Following in the tradition of PJ O'Rourke and his Harper's essay 25 years ago about a bunch of Nation readers on a cruise up the Volga river, TNR does its bit on today's National Review cruise, nominally named by the author, "The Muslims are Coming Cruise."

Sure, O'Rourke was funnier, and there's a good bit of effete sneering going on in this article, but the surprising thing to me was the degree to which readers treat the magazine's own founder so poorly.
  • A fracture-line in the lumbering certainty of American conservatism is opening right before my eyes. Following the break, Norman Podhoretz and William Buckley--two of the grand old men of the Grand Old Party--begin to feud. Podhoretz will not stop speaking--"I have lots of ex-friends on the left; it looks like I'm going to have some ex-friends on the right, too," he rants--and Buckley says to the chair, "Just take the mike, there's no other way." He says it with a smile, but with heavy eyes.

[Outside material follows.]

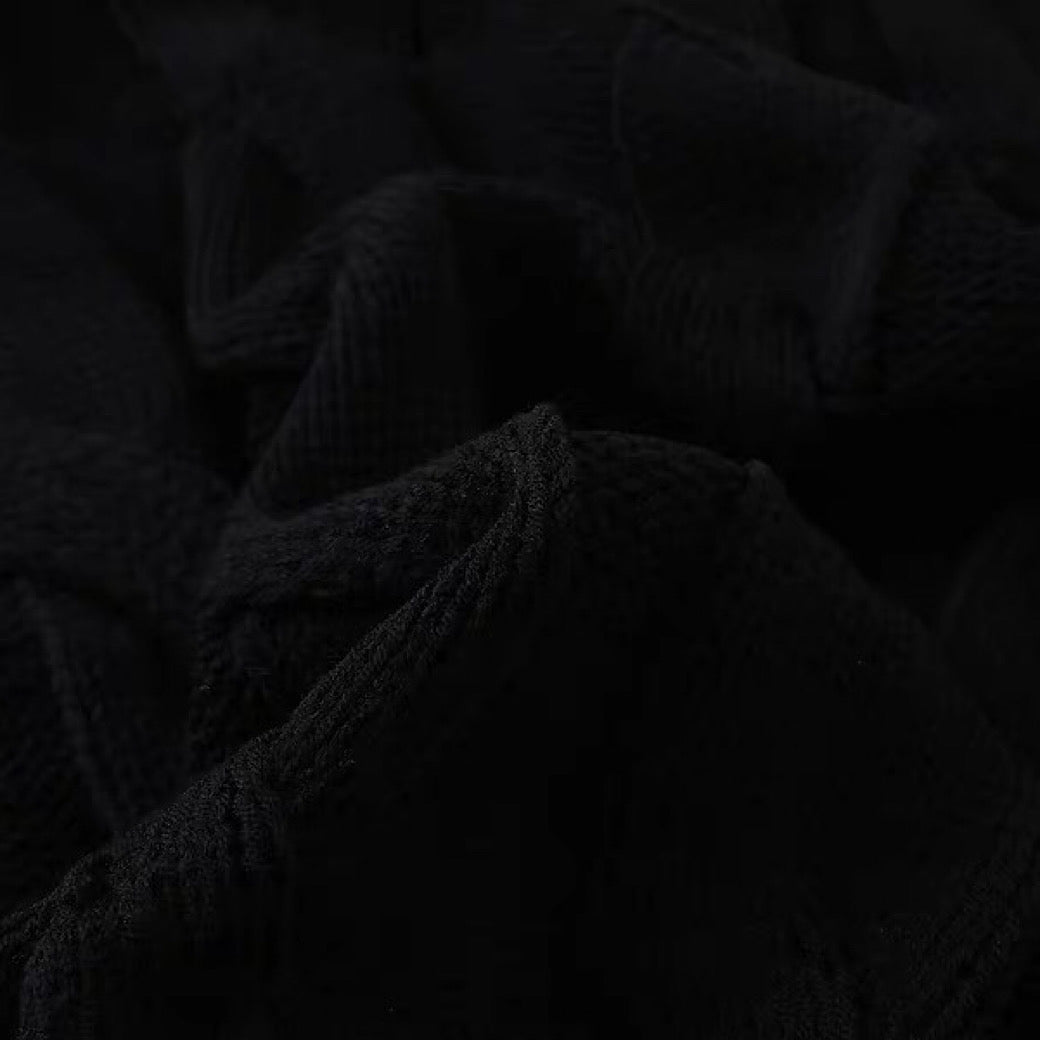 【NIHAOHAO】Simple chain design full-zip distressed cardigan  NH0223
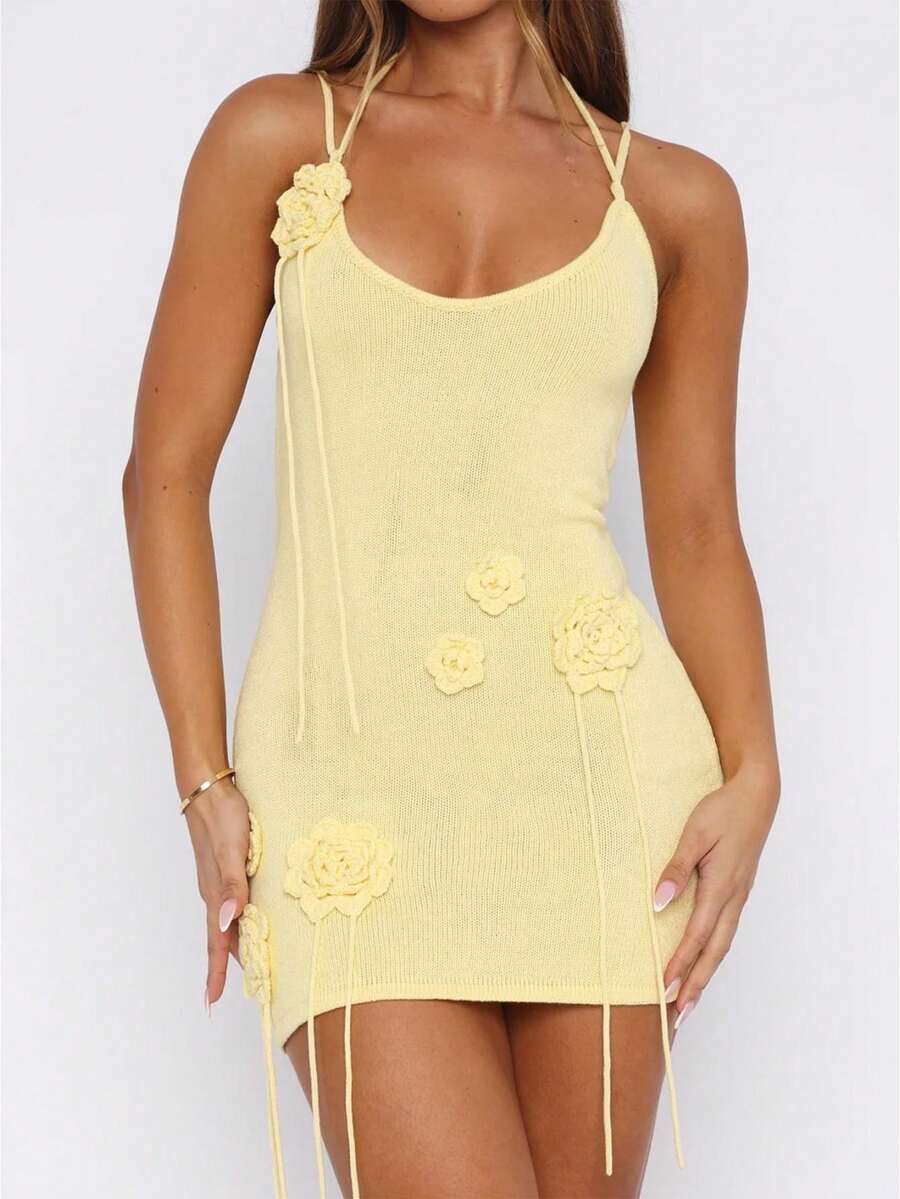 Women Sleeveless Halter Neck Knitted Bodycon Party Mini Dress 3D Flower Backless Knit Crochet Beach Dress Summer Bikini Cover Ups - 黃色 - 查看 1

    Podhoretz and Buckley now inhabit opposite poles of post-September 11 American conservatism, and they stare at wholly different Iraqs. Podhoretz is the Brooklyn-born, street-fighting kid who traveled through a long phase of left- liberalism to a pugilistic belief in America's power to redeem the world, one bomb at a time. Today, he is a bristling gray ball of aggression, here to declare that the Iraq war has been "an amazing success." He waves his fist and declaims, "There were WMD, and they were shipped to Syria. ... This picture of a country in total chaos with no security is false. It has been a triumph. It couldn't have gone better." He wants more wars, and fast. He is "certain" Bush will bomb Iran, and "thank God" for that.

    Buckley is an urbane old reactionary, drunk on doubts. He founded National Review in 1955--when conservatism was viewed in polite society as a mental affliction--and he has always been skeptical of appeals to "the people," preferring the eternal top-down certainties of Catholicism. He united with Podhoretz in mutual hatred of Godless Communism, but, slouching into his eighties, he possesses a worldview that is ill-suited for the fight to bring democracy to the Muslim world. He was a ghostly presence on the cruise at first, appearing only briefly to shake a few hands. But now he has emerged, and he is fighting.

    "Aren't you embarrassed by the absence of these weapons?" Buckley snaps at Podhoretz. He has just explained that he supported the war reluctantly, because Dick Cheney convinced him Saddam Hussein had WMD primed to be fired. "No," Podhoretz replies. "As I say, they were shipped to Syria. During Gulf war one, the entire Iraqi air force was hidden in the deserts in Iran." He says he is "heartbroken" by this "rise of defeatism on the right." He adds, apropos of nothing, "There was nobody better than Don Rumsfeld. This defeatist talk only contributes to the impression we are losing, when I think we're winning."

    The audience cheers Podhoretz. The nuanced doubts of Bill Buckley leave them confused. Doesn't he sound like the liberal media?

Cruisegoers hold a similarly dim view of Rich Lowry, and the man is the current editor of the magazine.
  • Then, with a judder, the panel runs momentarily aground. Rich Lowry, the preppy, handsome 38-year-old editor of National Review, announces, "The American public isn't concluding we're losing in Iraq for any irrational reason. They're looking at the cold, hard facts." The Vista Lounge is, as one, perplexed. Lowry continues, "I wish it was true that, because we're a superpower, we can't lose. But it's not."

    No one argues with him. They just look away, in the same manner that people avoid glancing at a crazy person yelling at a bus stop.

It's these sorts of exchanges that make me want to warn Buckley not to take any vacations at his country dacha anytime soon, or he'll find himself exiled in the Hamptons while Stormin' Norman moves on to wield the NR like a fiery neoconservative sword against the growing waves of unwashed masses.